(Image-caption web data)
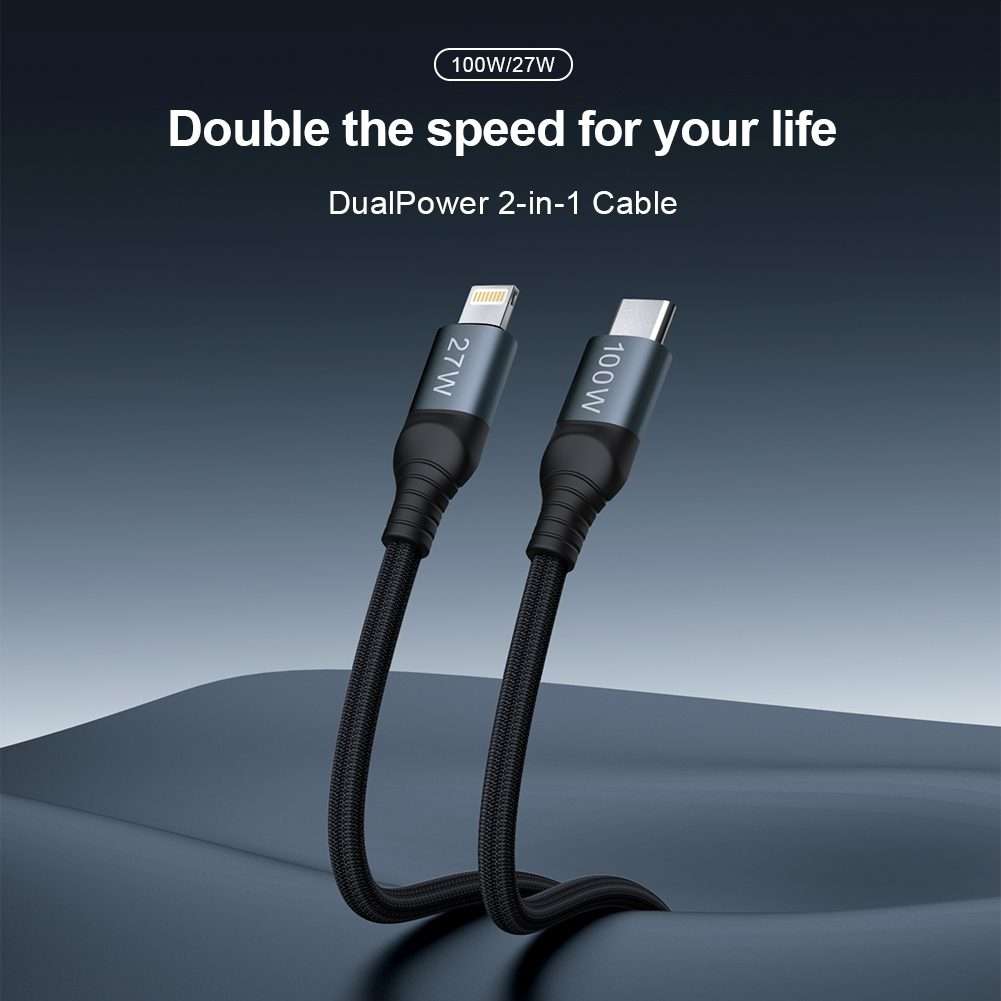 NILLKIN PD3.0 100W/27W USB-C / Type-C to USB-C / Type-C + 8 Pin Dual Power Fast Charging Data Cabl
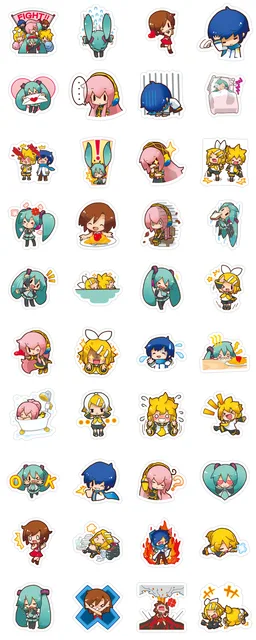 50PCS Kawaii Hatsune Miku Stickers Non-repeating Waterproof Stickers Ins  Anime Figure Cute Miku Vocaloid Children's Toys Gifts - AliExpress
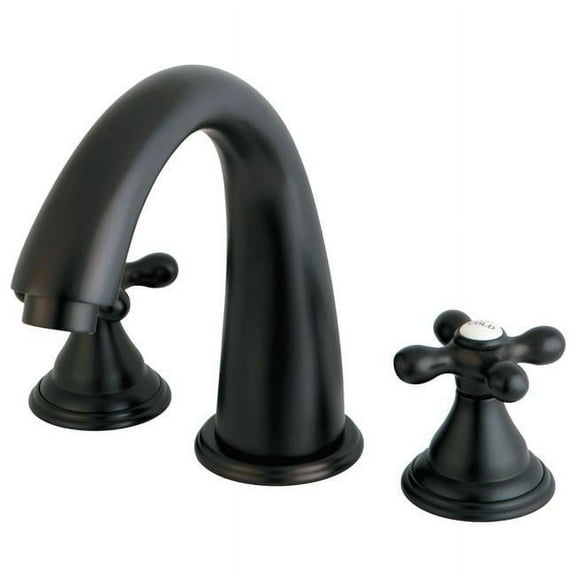 Kingston Brass  Roman Tub Filler with Handle Cross Handle Oil Rubbed Bronze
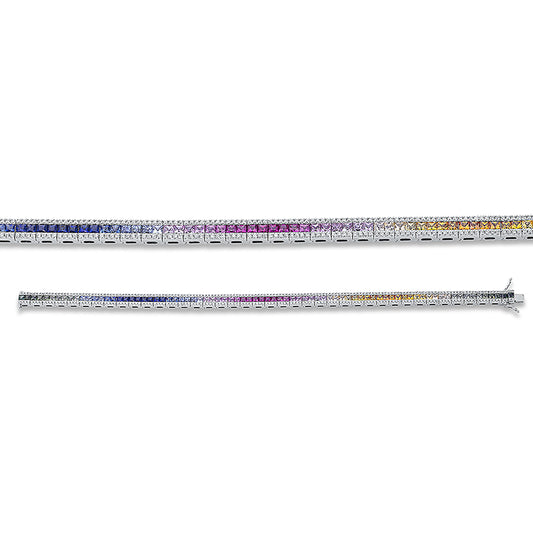 Armband 18 kt WG, 320 Brill. 1,28 ct, TW-si, 80 Saphire 5,89 ct multicolor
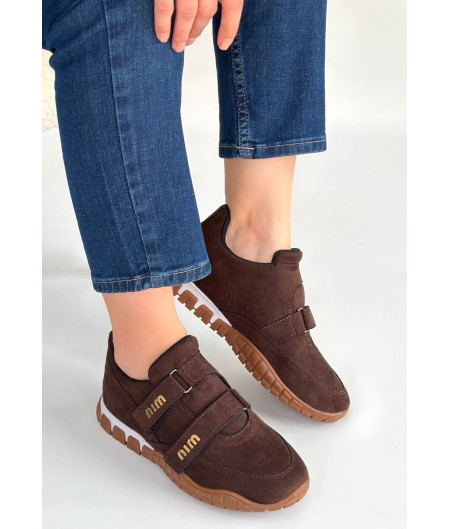 Tunga Kahverengi Süet Cırt Cırtlı Spor Ayakkabı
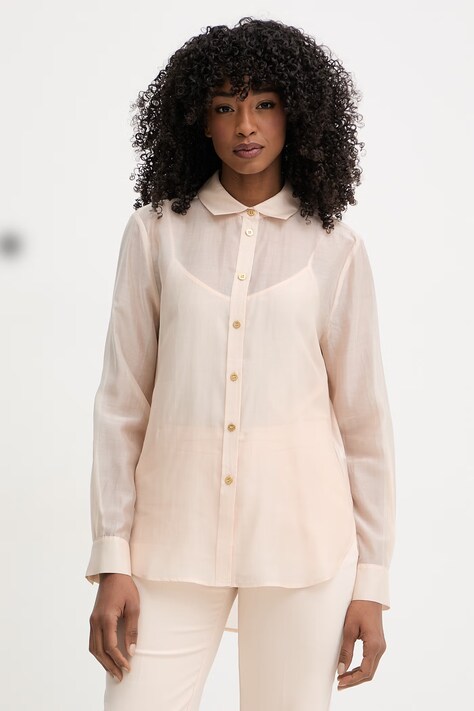 Marciano by Guess koszula damska z lyocellem TEA beżowa gładka G6GH23 W2198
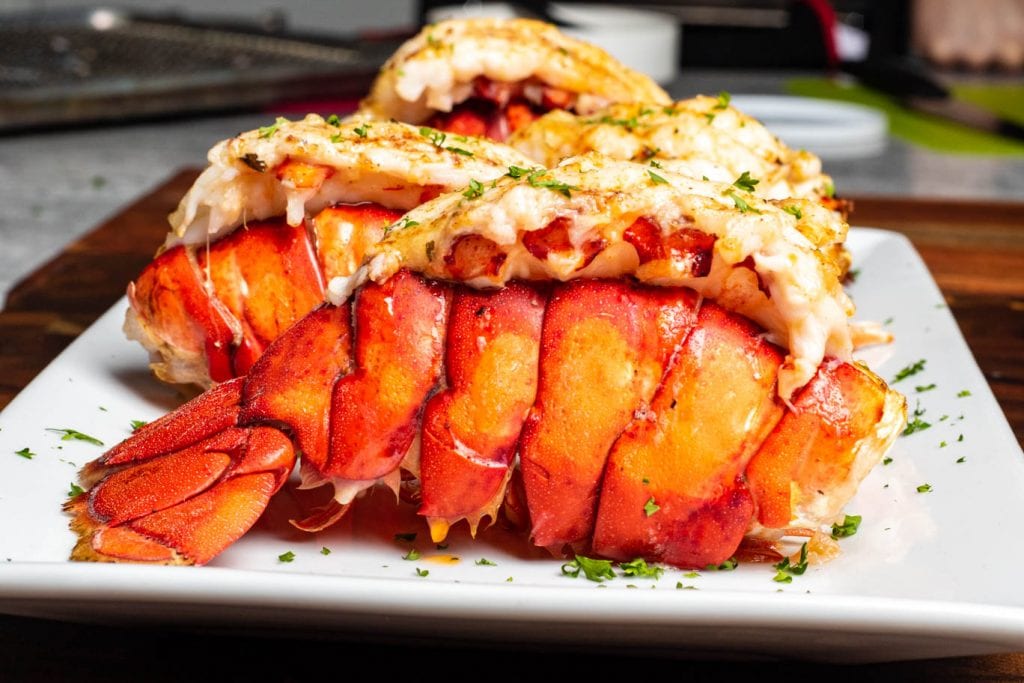 Garlic Butter Broiled Lobster Tails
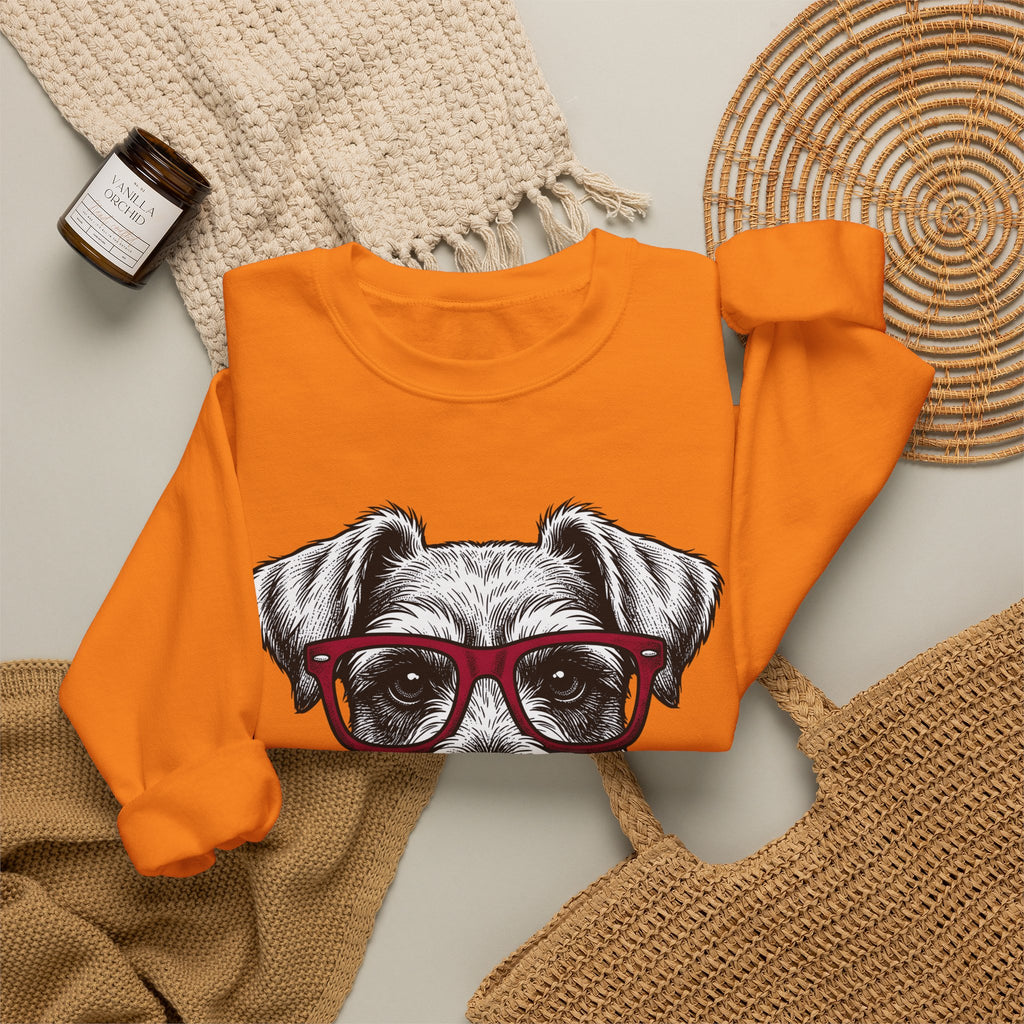 Schnauzer Pet Sweatshirt Dog Critters Gift Women Line Art Sweatshirt Dog Sweatshirt Dog Fan Dog Graphic Dog Graphic Cartoon Spectacles Sweatshirt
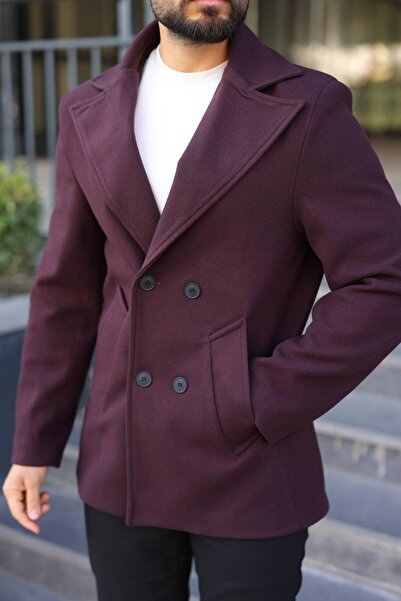 inpool Men'S, Double-Breasted Closure, Sport-Classic, Standard-Fit, Midi Length, Cashmere Coat 634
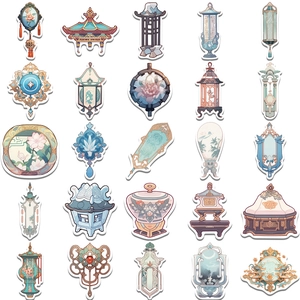 5x5 grid of 25 vintage Chinese style stickers featuring lanterns, fans and screens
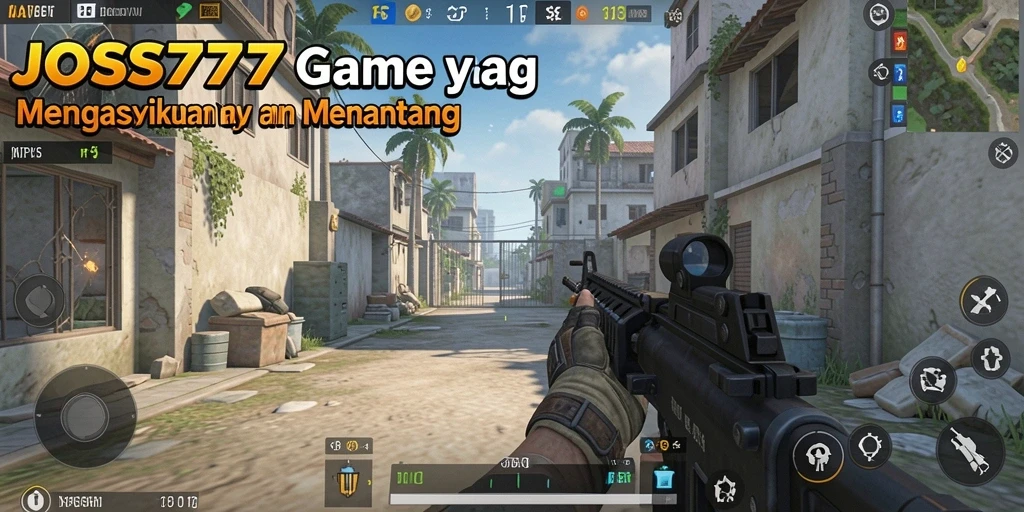 Screenshot utama JOSS777 menampilkan aksi pertempuran seru dalam gameplay FPS.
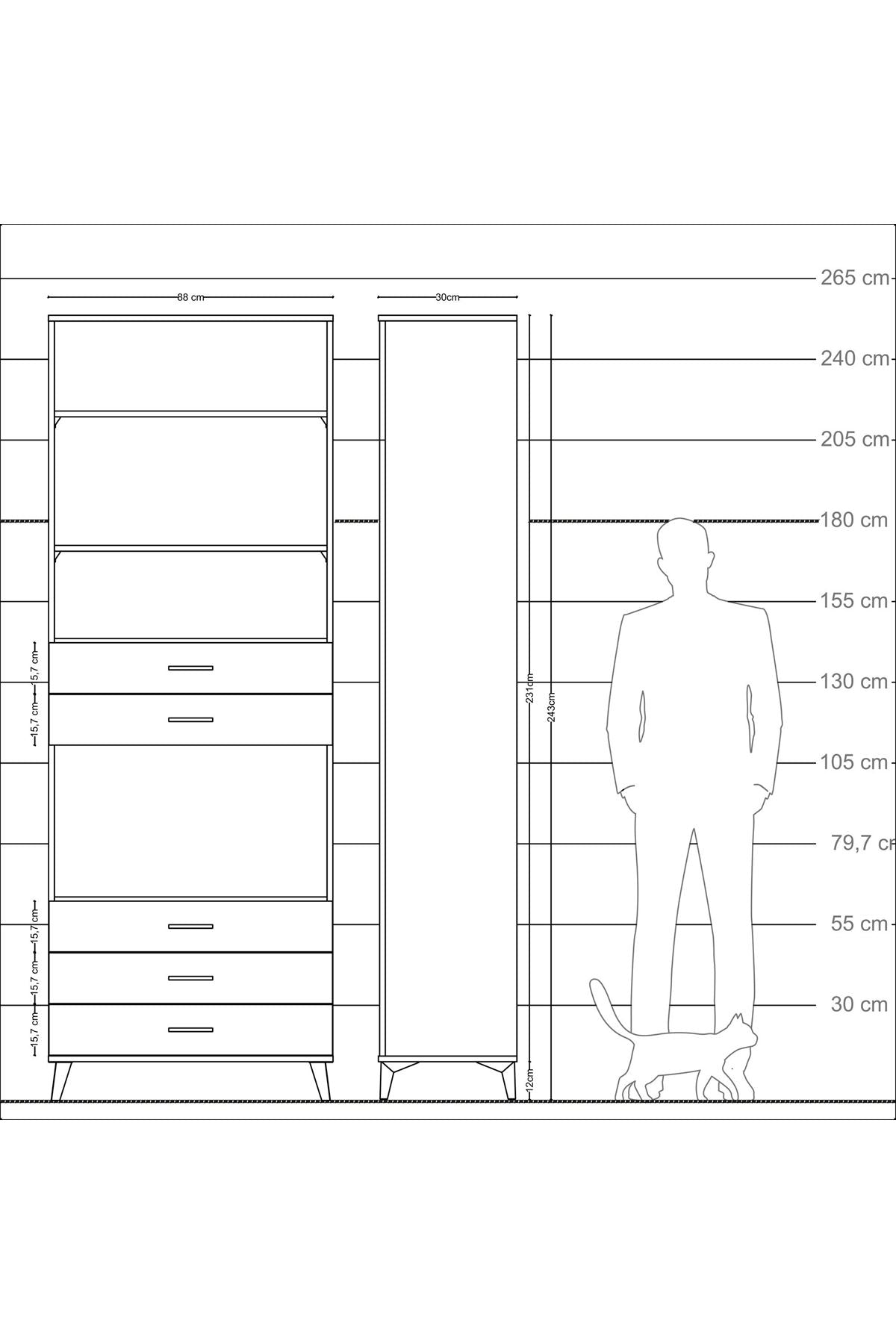 Arges Dolap 4 Raflı 5 Çekmeceli 88x30x243 - S33M236V8A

Brief >> Please set down the data above exactly as given, leaving every picture out.

Result for this task >>
 NILLKIN PD3.0 100W/27W USB-C / Type-C to USB-C / Type-C + 8 Pin Dual Power Fast Charging Data Cabl
 50PCS Kawaii Hatsune Miku Stickers Non-repeating Waterproof Stickers Ins  Anime Figure Cute Miku Vocaloid Children's Toys Gifts - AliExpress
 Kingston Brass  Roman Tub Filler with Handle Cross Handle Oil Rubbed Bronze
 Armband 18 kt WG, 320 Brill. 1,28 ct, TW-si, 80 Saphire 5,89 ct multicolor
 Tunga Kahverengi Süet Cırt Cırtlı Spor Ayakkabı
 Marciano by Guess koszula damska z lyocellem TEA beżowa gładka G6GH23 W2198
 Garlic Butter Broiled Lobster Tails
 Schnauzer Pet Sweatshirt Dog Critters Gift Women Line Art Sweatshirt Dog Sweatshirt Dog Fan Dog Graphic Dog Graphic Cartoon Spectacles Sweatshirt
 inpool Men'S, Double-Breasted Closure, Sport-Classic, Standard-Fit, Midi Length, Cashmere Coat 634
 5x5 grid of 25 vintage Chinese style stickers featuring lanterns, fans and screens
 Screenshot utama JOSS777 menampilkan aksi pertempuran seru dalam gameplay FPS.
 Arges Dolap 4 Raflı 5 Çekmeceli 88x30x243 - S33M236V8A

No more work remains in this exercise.